Since March 2017, when Adityanath became chief minister, 193 alleged criminals have been gunned down in 10,913 encounters. The encounters left more than 5,100 alleged criminals wounded; under what is known as ‘Operation Langda’, they were shot in the legs and left lame. Human rights activists and some political parties did raise their voice against the encounters, but in vain.

The state government’s tall claims on women’s security do not match with the data provided by the National Crime Records Bureau, which puts the state on top of the list in rapes. As per the 2021-22 report of the NCRB, Uttar Pradesh reports a rape every seven hours. Claims about mahila samman (respect for women) sounded hollow when the government ignored the pleas of Olympian women wrestlers for action against BJP MP Brij Bhushan Sharan Singh who allegedly exploited them sexually during his long stint as the head of the Wrestling Federation of India.

The BJP’s poll strategy seems to hinge on the hope that issues that could hurt it might get lost in the cloud of communal polarisation. “You can see how the ruling party is out to divide our society on communal lines by raising the pitch on the Citizenship (Amendment) Act once again,” said Eram Rizvi, a young social activist from Lucknow.
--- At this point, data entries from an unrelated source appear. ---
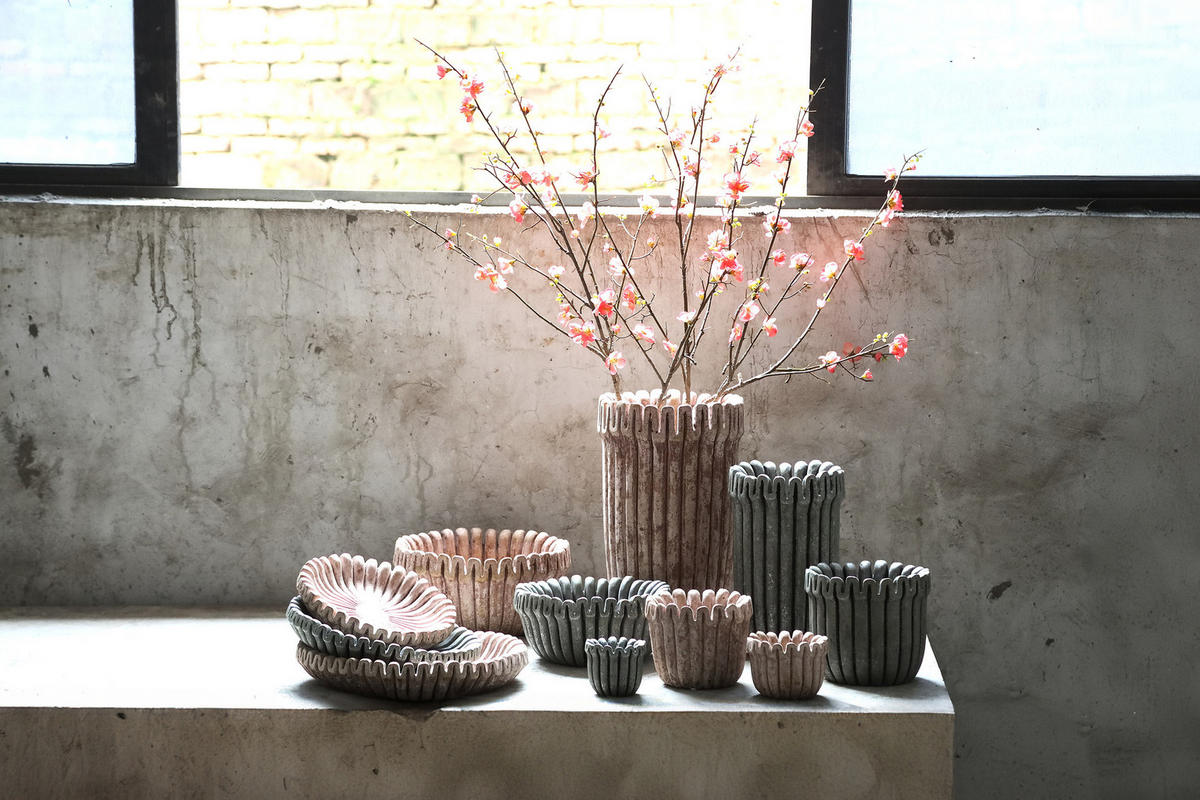 TOPF Raffay Grau 30/30/15cm - Grau, Stein (15cm) - PTMD Collection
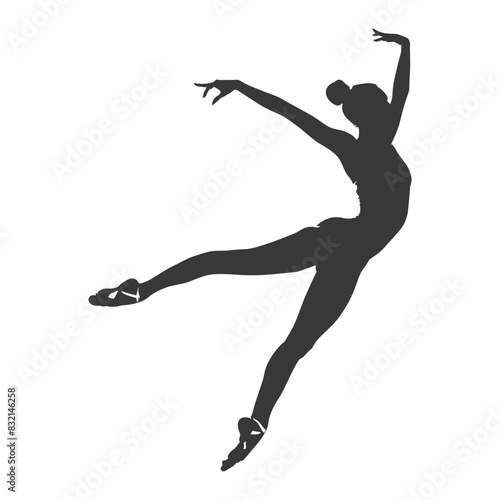 Ballerina Silhouette: Graceful Leap in Elegant Dance Pose, Isolated on White.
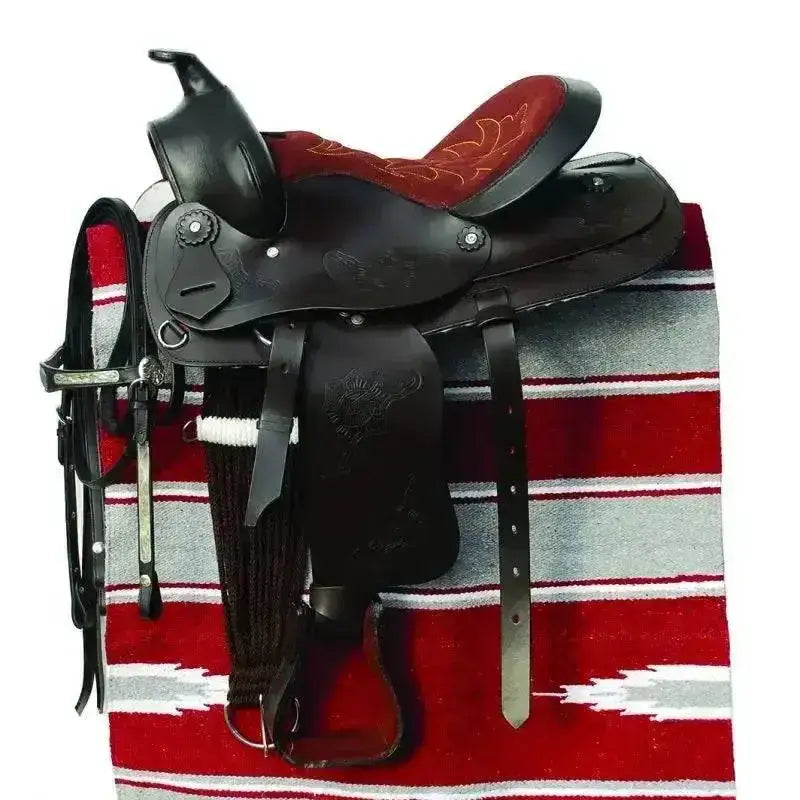 Black leather windsor western saddle with red suede seat and embroidered floral patterns in bridle and saddle pad set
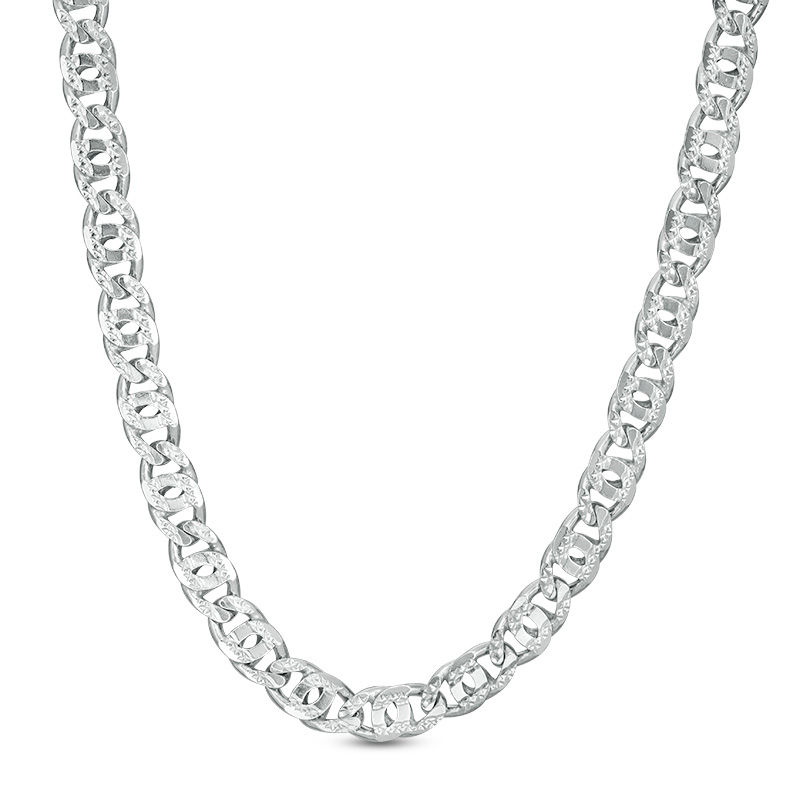 150 Gauge Diamond-Cut Cat's Eye Curb Chain Necklace in Sterling Silver - 22"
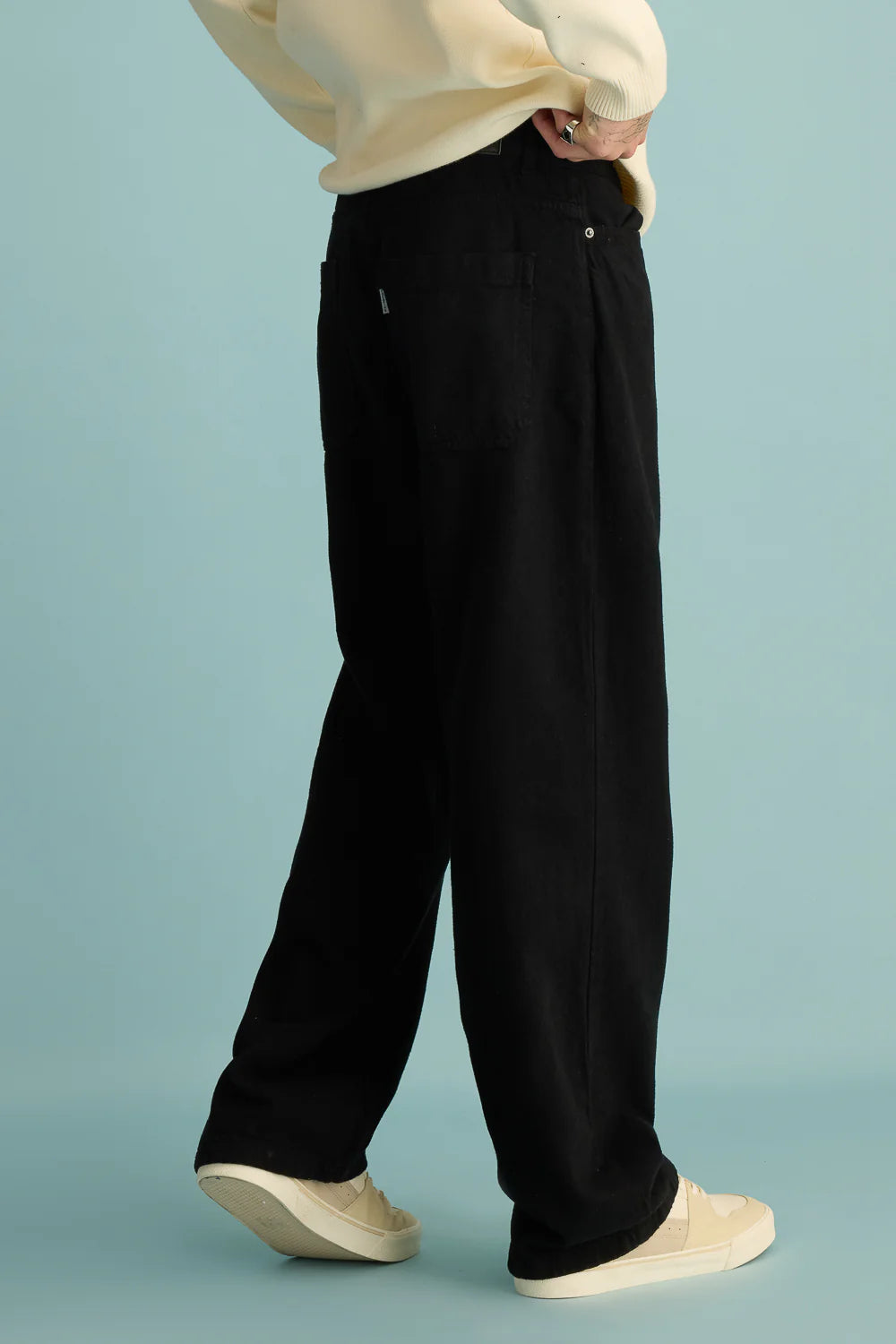 Spruce Black Men’s Relaxed Fit Baggy Straight Leg Denim Jeans for Casual Streetwear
Rizvi was in the news when she spearheaded the anti-CAA protest at Lucknow’s historic Clock Tower that was compared to Delhi’s Shaheen Bagh protest in 2019-20. Many women were ill-treated by the police at that time in Lucknow. That has not deterred Rizvi from sticking her neck out again. “We will protest again,” she said. “Like Hanuman ji’s vanar sena, our mahila shakti sena will burn down this new Lanka of the powers that be.”

Discrimination faced by Muslims continues, despite claims of ‘Sabka Saath, Sabka Vikas’. Shahid Hussain, an engineer-turned-contractor, said after the Adityanath government had come to power, he was no longer getting the kind of work he used to get earlier. “More often than not, it is clear that the reason is my name.”

Mohammad Shafaeen Quraishi, who runs a modest mobile phone shop in Lucknow, said Muslims continued to have very cordial relations with a majority of the Hindus and that ordinary Hindus were always there to help a Muslim in need. “But the BJP people look down upon us and discriminate quite openly by accusing us of being communal,” he said. Significantly, most Muslims are convinced that the discrimination is only aimed at polarising the Hindu vote. “The most dangerous thing is that Muslims of today are asked to answer for the acts of their forefathers who lived here centuries ago. That only breeds hatred against the community at large,” said Colonel Fasih Ahmed (retd), from Lucknow.

While support for the BJP and Modi is visible everywhere, there is also a silent majority which seeks to question the BJP. “We can see how these people are trying hard to create a sharp Hindu-Muslim divide in society. But the manner in which this fervour is going viral also compels me to wonder if many of us had this inherent trait, while we thought we were truly secular people,” said a professor of political science at a Lucknow-based university. “The saving grace, however, is that there are still many people who can see through the game being played by the hindutva fringe to vitiate the atmosphere. But they are not able to muster the courage to speak out.”